見出し画像

売れない小説、出版する意味はある?

小説には(たぶん)「売れる小説」「売れない小説」の2種類があります。この二つにはどんな違いがあるのか、考えてみることにしました。
Title photo by xdxd_vs_xdxd(CC BY-SA 2.0)

葉っぱの坑夫がここまでに出した小説は、アンソロジーの短編小説集を除いて3冊あります。残念ながらどれも「売れる小説」には入りません。すべて海外の長編小説(英語)からの翻訳です。原作者は三者とも比較的若い作家(執筆当時30代)で現存していますが、(少なくとも日本では)まったく名前が知られていません。

3作のうち2つは、海外の文学賞をとったり、最終候補に残った作品です。ブッカー賞とかノーベル文学賞のような日本で知られている大きな賞ではなく、コモンウェルス文学賞という日本人にとってはあまり馴染みのないものですが。ちなみにコモンウェルスとは、イギリス連邦(Commonwealth of Nations)のことで、大英帝国時代に旧領土だった国々による政治連合です。この賞はそこに属する国(オーストラリア、カナダ、ナイジェリア、インドなど50数ヶ国)の作家を対象としています。

葉っぱの坑夫の小説3作の著者は英語作家ではありますが、出身国は欧米ではなく、一人はベトナム、一人はガーナ、一人はジャマイカです。いわゆる「英米文学」からは外れているとみなされる人々だと思います。近年は移民文学やアフリカやアジアの英語作家が海外で注目されていますが、日本ではそれほど興味をもたれていないようです。ジュンパ・ラヒリは日本でも人気がありますが、彼女の場合、移民2世で生まれはロンドン、育ちはアメリカ、母語も英語なので移民作家に入るかどうか。

葉っぱの坑夫で出版した3人の作家は、書く言語は英語ですが、文化的背景や小説の素材には出身国の色合いがつよく出ています。また小説の言語である英語も、ネイティブというわけではなく、後天的に取得した言葉と思われます。葉っぱの坑夫としては、そこのところが興味を引かれたところだったのですが、日本の読み手から見ると、馴染みのない地域の、馴染みのない語りによる、馴染みのないストーリーということになってしまうようです。

3人のうち、賞はとっていないけれど、アメリカのアマゾンのレビューを見るかぎり、人気の高い作家がいます。ベトナム出身の作家で、レビューの数132、星のレートが4.5となっています。

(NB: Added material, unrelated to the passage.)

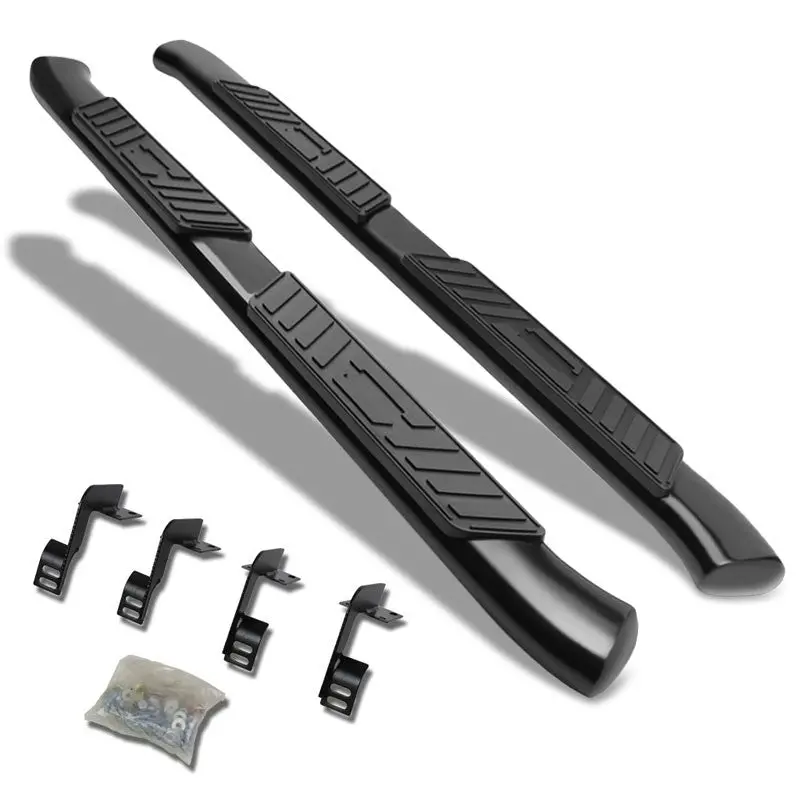 (Oval Tubular Black) Running Board Nerf Bar For 99-16 Ford F-250/350/450/550 Super Duty (Phn131) [Extended Cab] 1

これは著者と似た体験をもつ人(ベトナムからの難民)が、アメリカにはそれなりの数いることの反映かもしれません。(この小説の元となるエッセイでは、プシュカート賞を受賞。)

小説というのはもともと、書き手と読み手の相性が大きく作用するもので、実用書や啓蒙書、エッセイや旅行記などより、選択の幅が限定されるように思います。自分の例をとっても、日本人作家でいえば、ごく限られた少数の作家のものしか読んでいません。海外の小説の場合は、日本語で読むにしても英語で読むにしても、ちょっと事情が変わってきますが。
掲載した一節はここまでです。